또한 \(B_k\in \sigma(X_1,\ldots,X_k)\) and \(\{|S_n-S_k|>2\alpha\}\in \sigma(X_{k+1},\ldots,X_n)\) 가 독립이기 때문에, \[\begin{eqnarray*} P\left( \max_{1\le j\le n} |S_j|\ge 3\alpha \right) &\le& P(|S_n|\ge \alpha)+\sum_{k=1}^{n-1}P\left(|S_n-S_k|>2\alpha \right)\\ &\le& P(|S_n|\ge \alpha)+\sum_{k=1}^{n-1}P\left(B_k\cap\{|S_n-S_k|>2\alpha\} \right)\\ &\le& P(|S_n|\ge \alpha)+\sum_{k=1}^{n-1}P(B_k)P\left(|S_n-S_k|>2\alpha\right)\\ &\le& P(|S_n|\ge \alpha)+\max_{1\le j\le n}P\left(|S_n-S_j|>2\alpha\right)\sum_{k=1}^{n-1}P(B_k)\\ &\le& P(|S_n|\ge \alpha)+\max_{1\le j\le n}P\left(|S_n-S_j|>2\alpha\right)\\ &\le& P(|S_n|\ge \alpha)+\max_{1\le j\le n}[P\left(|S_n|>\alpha\right)+P(|S_j|>\alpha)]\\ &\le& 2P(|S_n|\ge \alpha)+\max_{1\le j\le n}P(|S_j|>\alpha)\le 3P(|S_n|\ge \alpha) \end{eqnarray*}\]

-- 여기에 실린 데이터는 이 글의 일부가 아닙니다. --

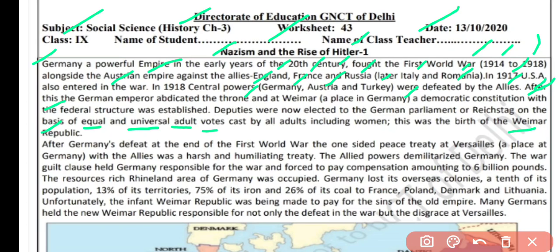But soon after that, Germany had to face a one-sided treaty at Versailles — called the Treaty of Versailles. Versailles is also a place in Germany. Germany's defeat at the end of the First World War led to this harsh and humiliating treaty being imposed on Germany. The allied powers demilitarized Germany — yaani ki Germany ko sena rakhne pe, army rakhne pe, military rakhne pe rok laga di. So Germany became a weak country — jahan kahin superpower tha, wahan bilkul weak bana diya jaata hai.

마지막 부등호에서 \(\{|S_n-S_j|>2\alpha\}\subset\{|S_n|>\alpha\}\cup\{|S_j|>\alpha\}\)이다. 예시로 \(S_n=3\alpha\), \(S_k=2\alpha\)면 우변은 성립하지만 좌변은 성립하지 않는다.
숫자 3과 \(\max\)가 밖으로 빠져나온다고 기억하면 쉽다.
매우 중요하다.
If \(X_1, X_2,\ldots\) are independent mean 0 random variables with \(\sum_{n=1}^\infty \text{Var}(X_n)<\infty\), then \(\sum_{n=1}^\infty X_n\) converges a.s. and in \(L^2\). Moreover, \(E(\sum_{n=1}^\infty X_n)=0\) and \(\text{Var}(\sum_{n=1}^\infty X_n)= \sum_{n=1}^\infty \text{Var}(X_n)\).
우선 independent, mean 0 조건이기 때문에 Kolmogorov의 inequality를 쓴다는 것을 기억하자.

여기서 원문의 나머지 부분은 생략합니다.